To their advantage?
Isla scoffed, though memories of her pondering war burned in the back of her mind. “Io has no reason to attack Deimos.”
Ezekiel lifted his brows, challenging. “Despite its strength and despite serving its purpose in world relations, Io is in a poor position to rule over all of Morai. The Imperial Alpha is too far away for the expanse of territory he wishes to control. He’s losing touch with Tethys, Mimas, and Iapetus. Why do you think he’s entertaining that general? The yappy one who fancies you.”
Eli.
That would make sense. He was the son of Beta Sampson of Iapetus. Bringing him into Io through Isla—or even sending her there—would be a way to build relations, to get a foothold.
Kai snorted at the jab before saying, not questioning, “That’s why they’ve moved in on Charon. Why they have Locke as their puppet.”
Ezekiel nodded. “But Kyran and I feared that wouldn’t be enough for him. That Cassius would want the head and the heart of the continent under his control.”
Kai tensed, and his gaze snapped to the globe on his desk. Where dead at the continent’s center, sat—“You think he’d try to take Mavec.”
“It wouldn’t be surprising if it eventually came to that,” Ezekiel said, picking a piece of lint off his jacket. No look her way, but Isla felt the words directed at her. “It may already be in motion.”
Her stomach bottomed out, and she couldn’t fight the odd sensation of being split in two.
“Your father got wind of it before he passed. Heard the rumblings from the refugees of more frequent visits of Io’s Council, particularly the Imperial Beta, to the territory. Potentially rallying troops…and he discovered something else.” Ezekiel paused, looking directly at each of them before finishing, “They have witches hidden in their prison. An unwitting army.”

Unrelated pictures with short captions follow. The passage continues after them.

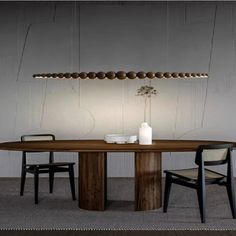 a dining table with two chairs and a vase on the top, in front of a white paneled wall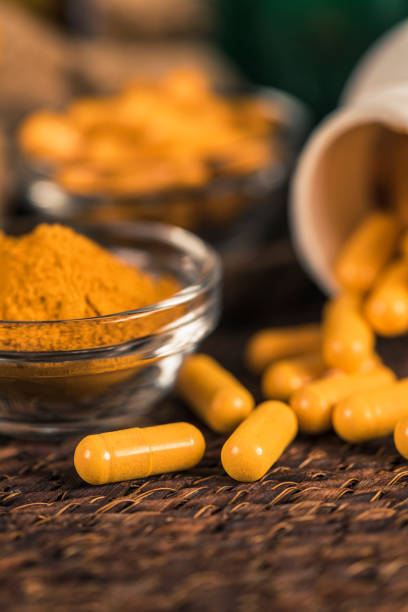 istock Curcumin Herbal Supplement Capsules and Turmeric Powder 1145056262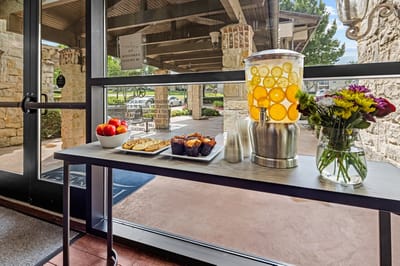Drink station with fruit-infused water and snacks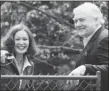  ?? MARK BLINCH REUTERS ?? Barbara Amiel and Conrad Black smile after he returned from prison in Florida to the house they share in Toronto.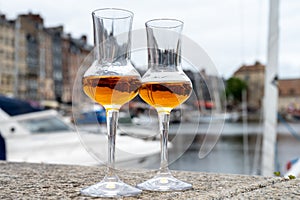 Tasting of apple calvados drink in old Honfleur harbour with boats and old houses on background, Normandy, France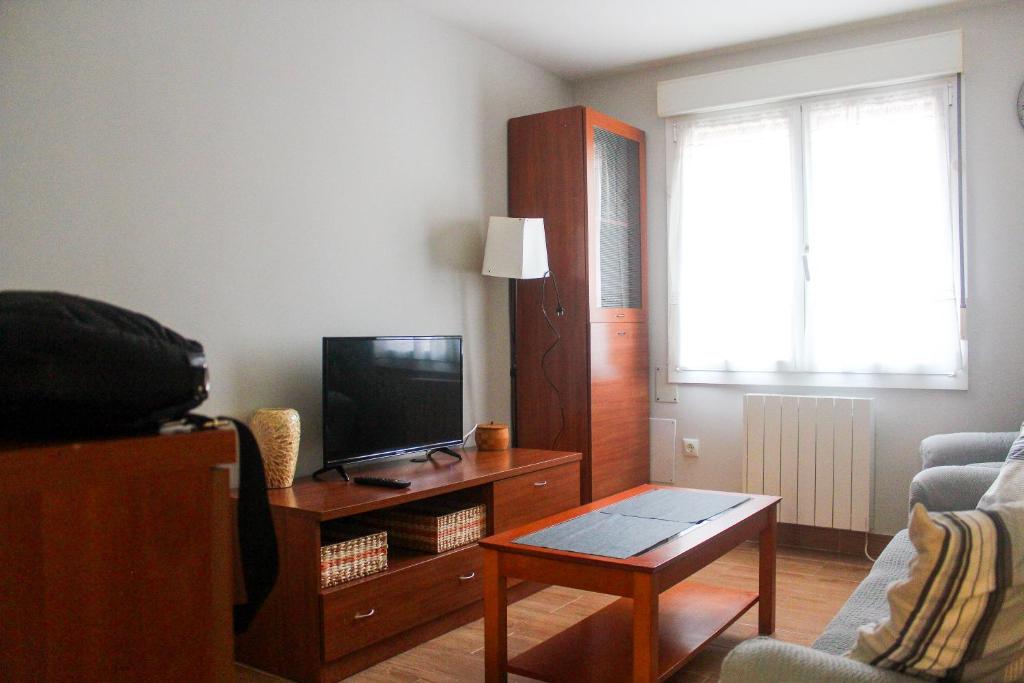 uma sala de estar com uma televisão numa mesa de madeira em Casa Gelina em Gijón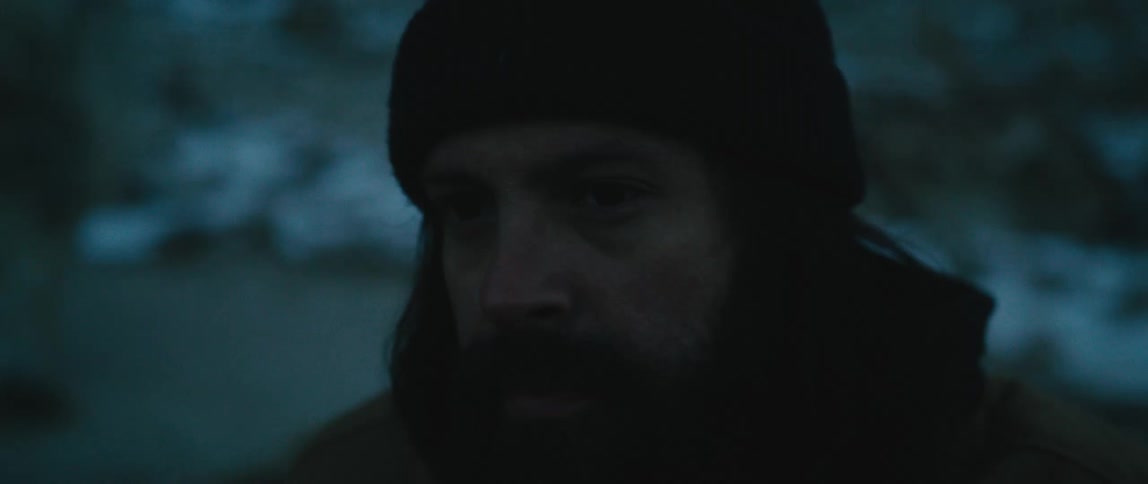 A man is standing outside in the cold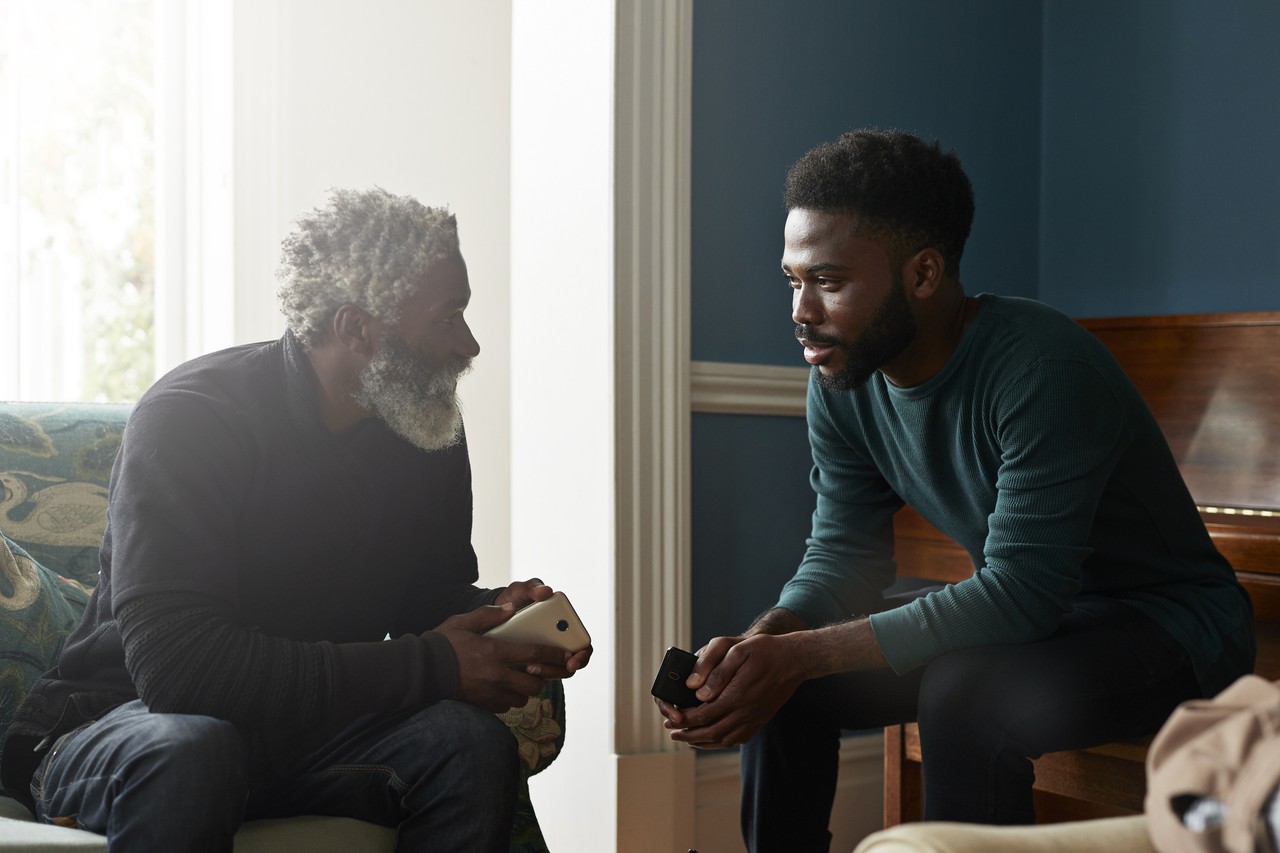 older father and son sitting in living room talking, honor your father and mother meaning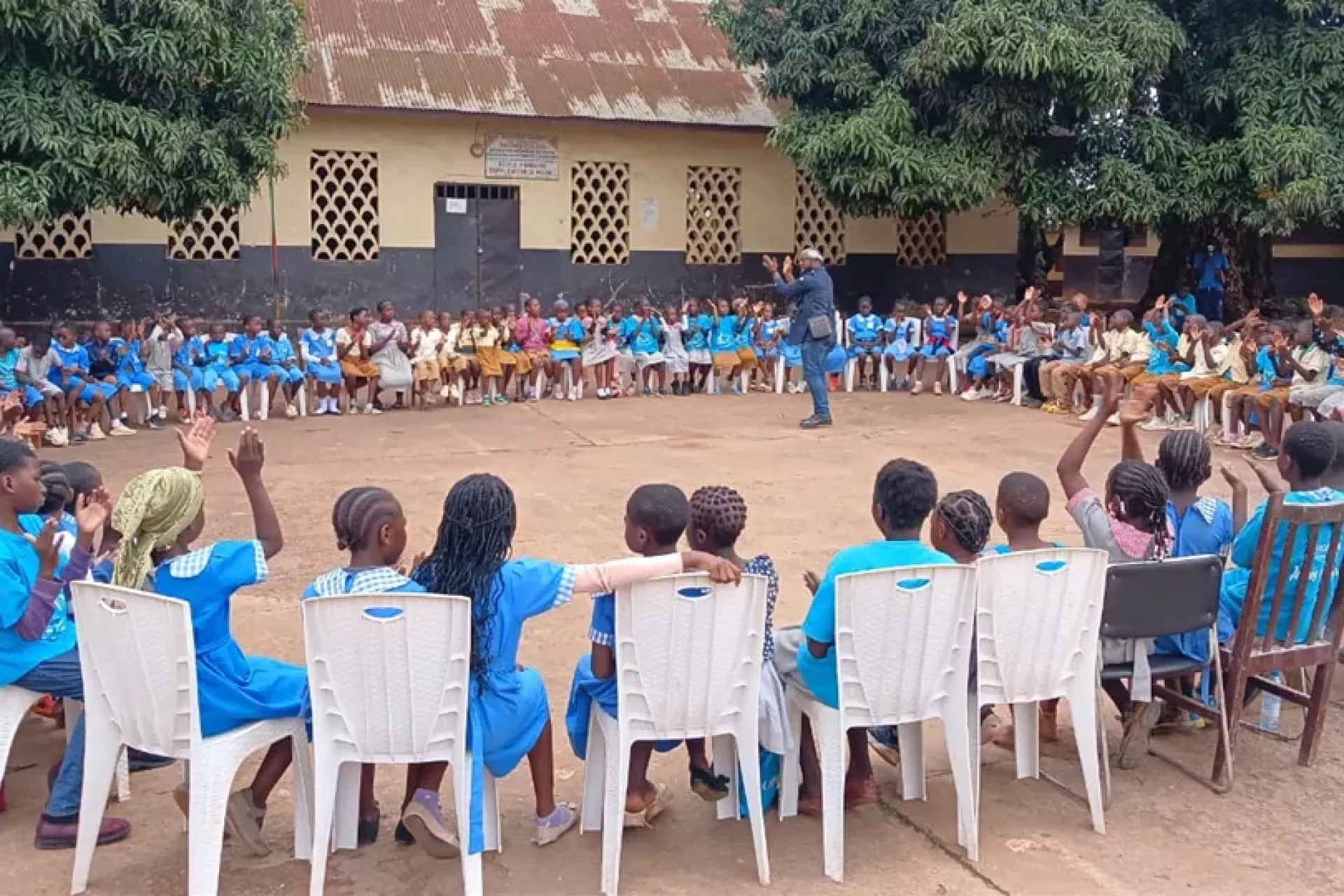I am music session with children sitting in circle in Melen public school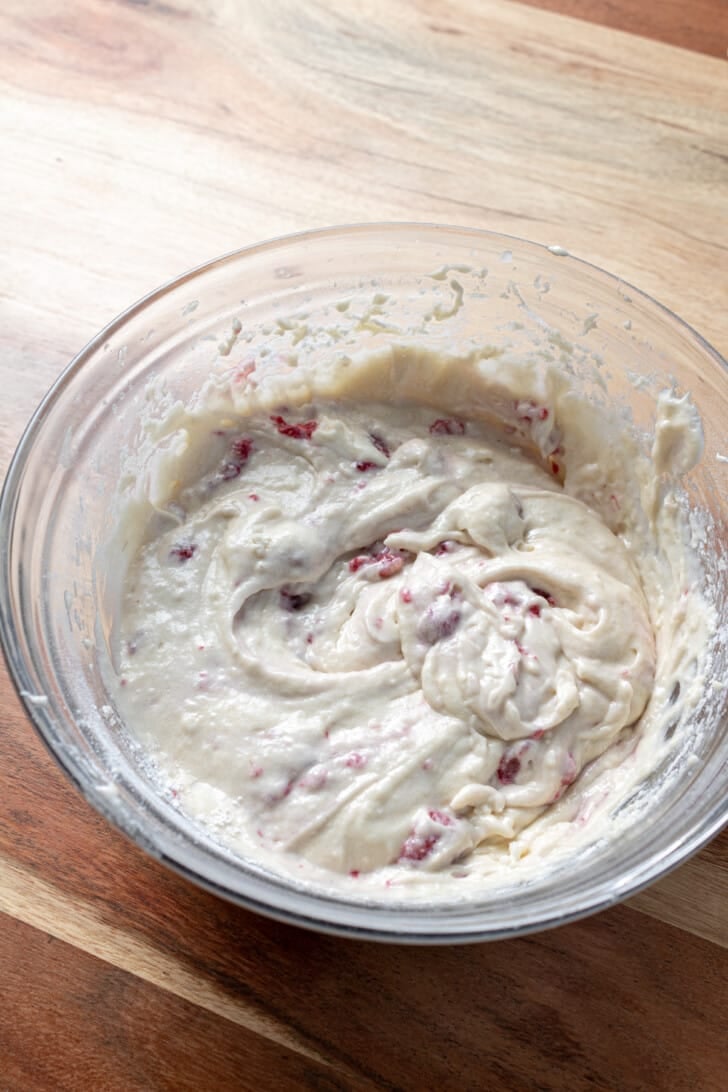 cupcake batter with raspberries mixed into it in a glass mixing bowl on a wooden countertop.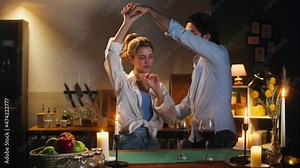 Man and woman dancing in cozy kitchen, romantic date dinner. Young husband and wife drinking red wine in evening. Loving couple, happy family relationships. Celebrating Valentine's Day together.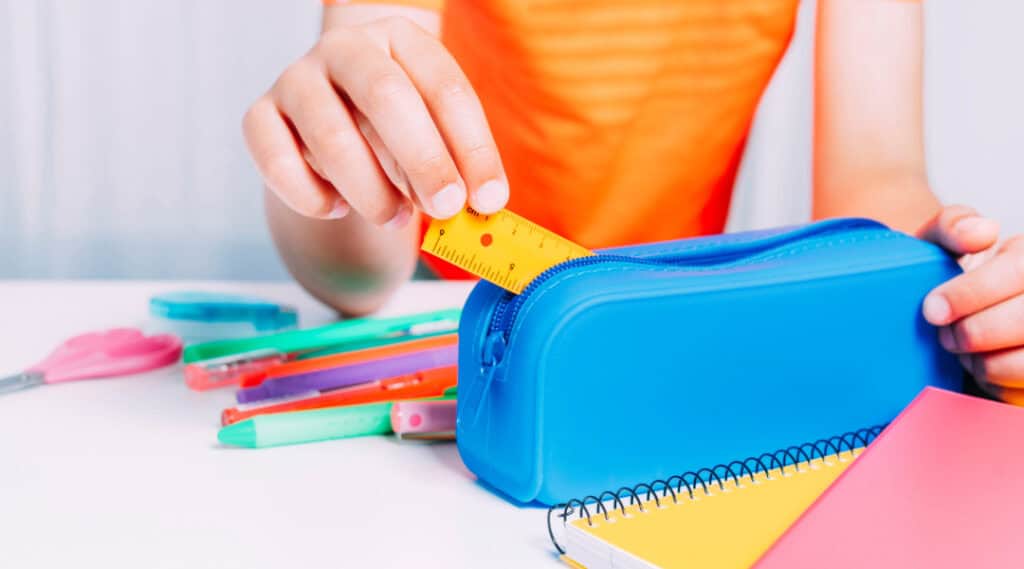A student in an orange t-shirt has one hand on and one hand placing a ruler in a blue pencil case. This is one of those must-have back to school supplies.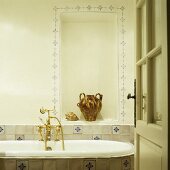 Country house bath with antique brass faucet on a bathtub and earthenware jug in a wall niche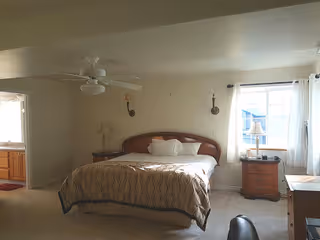 A bedroom with a large bed centered against the wall, two bedside tables with lamps, a ceiling fan, a window with white curtains letting in natural light, and a desk with a chair in the foreground. The room has light-colored walls and carpeted floor.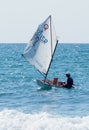 Young athlete trains on an entry-level sports sailing boat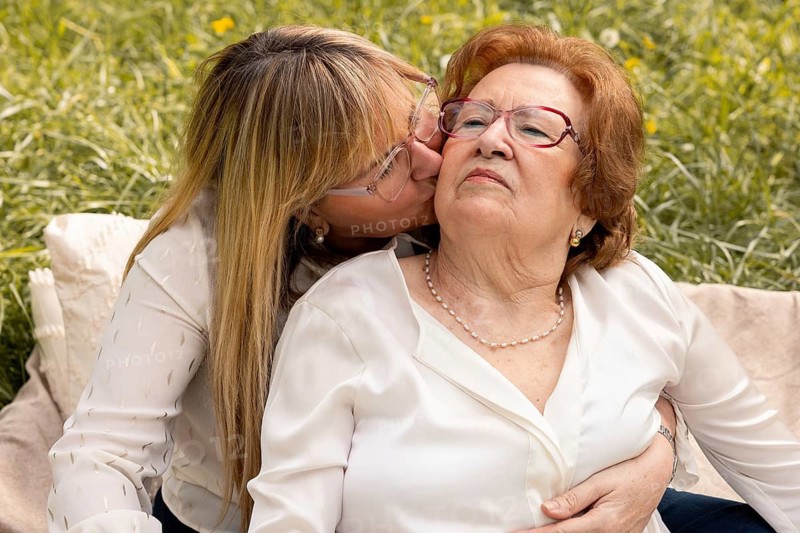 A touching moment between a mother and daughter enjoying time together in a sunny park. The daughter lovingly embraces and kisses her mother, highlighting their close bond
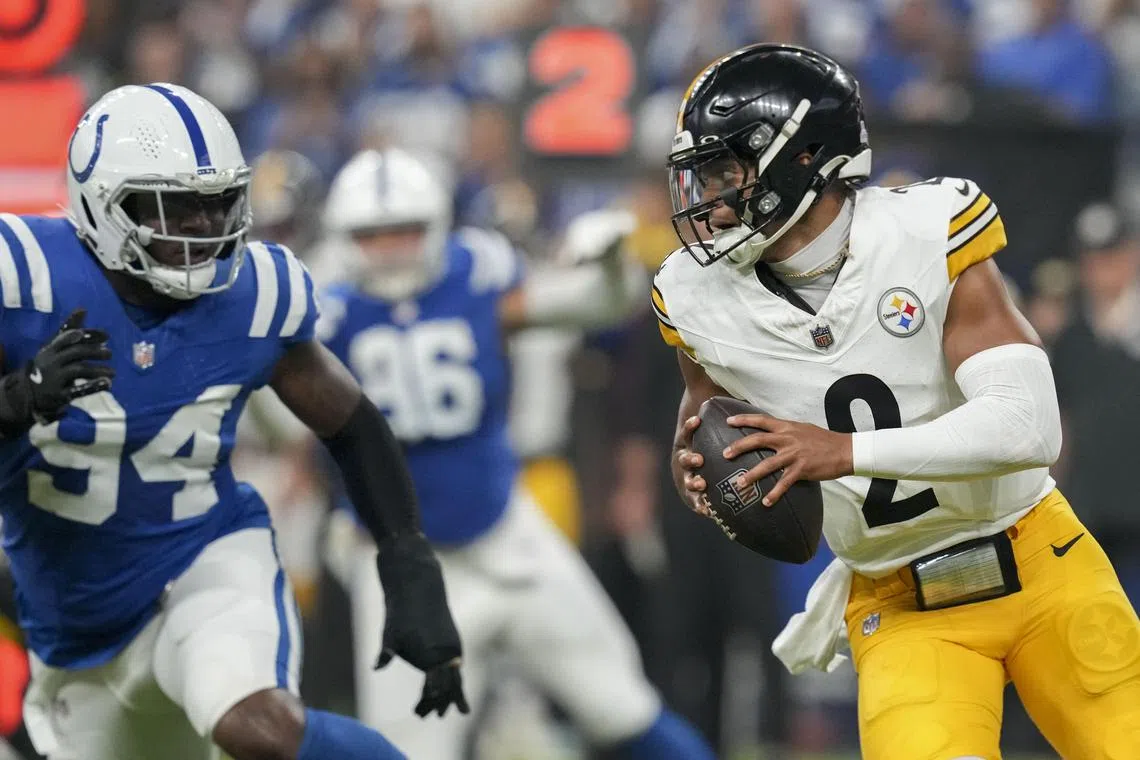 Indianapolis Colts defensive end Tyquan Lewis chasing Pittsburgh Steelers quarterback Justin Fields on Sept 29, 2024 in their NFL game at Lucas Oil Stadium in Indianapolis.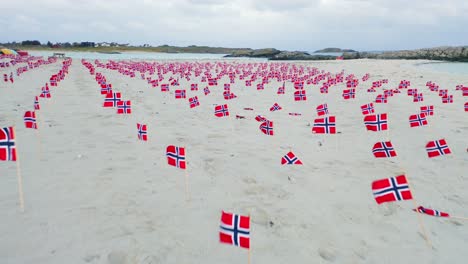 Lots-of-various-Norway-flags-in-rows-on-sandy-beach,-low-angle,-aerial-view-slow-flying-over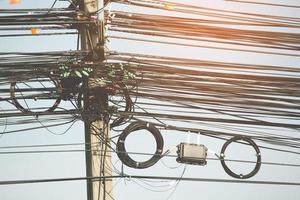 Messy electrical cables and wires on electric pole photo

“What?” Isla jerked back in her seat. “No, we don’t.”
We.
Both Kai and Ezekiel turned her way, and though she’d expected the pointed look she’d received from the beta, the one she’d gotten from her mate—the slight hurt along with the empathy—she hadn’t been ready for.
She pushed them away. Shoved Io and her family away into the other. For right now, for this conversation, she had to. She was the future Luna of Deimos. Talks such as these would be had. And Io as a political opponent wasn’t the one she’d grown up in and called home. Though that anger, that doubt, rumbled beneath her skin.
She glowered. “And what about the one you’re hiding?”
The world seemed to stop moving.
They hadn’t had a plan to drop the witch on Ezekiel, just that they’d ease into the question. Feel out what he knew, what he’d be willing to tell. If he’d want to hide it, even now, even after the mention of the house. Maybe he had been prepared to, judging by the paling of his face, the tremble that rocked his being.
But he recovered quickly, finding a scowl. “She’s the one who told us. She escaped.”
“Who is she?”
Kai didn’t miss a beat while her mind stumbled to keep up.
She couldn’t filter through the shock, the feelings of—betrayal. Io keeping witches? Planning an attack? Taking Mavec for Charon?
Maybe it was the anger at the confirmation of another secret that helped Kai push forward. To press and press for as much information and take time to break it all down and absorb it, later. Or it was a way to keep Ezekiel off-balance. Give him less time to spin a tale, a lie, in pauses.
“All we knew of her was that fact. We offered her refuge here in exchange for protection, need Io strike.” Ezekiel seemed to steel himself with a breath. “And then she turned on us. Had that dog of hers kill Kyran and Jaden, go for you, and then she disappeared.”
Isla stopped breathing.
Kai may have, too.
“That dog”—the killer.
Silence befell the room again.
A witch had been behind it all. Had been the reason—
“Why would she want us all dead?” Kai’s voice cut through the silence, and Isla couldn’t place the emotion within it. It was hollow, cold, and the closest she imagined she’d ever be to understanding how it had felt that day to wake up and find out his life had changed forever.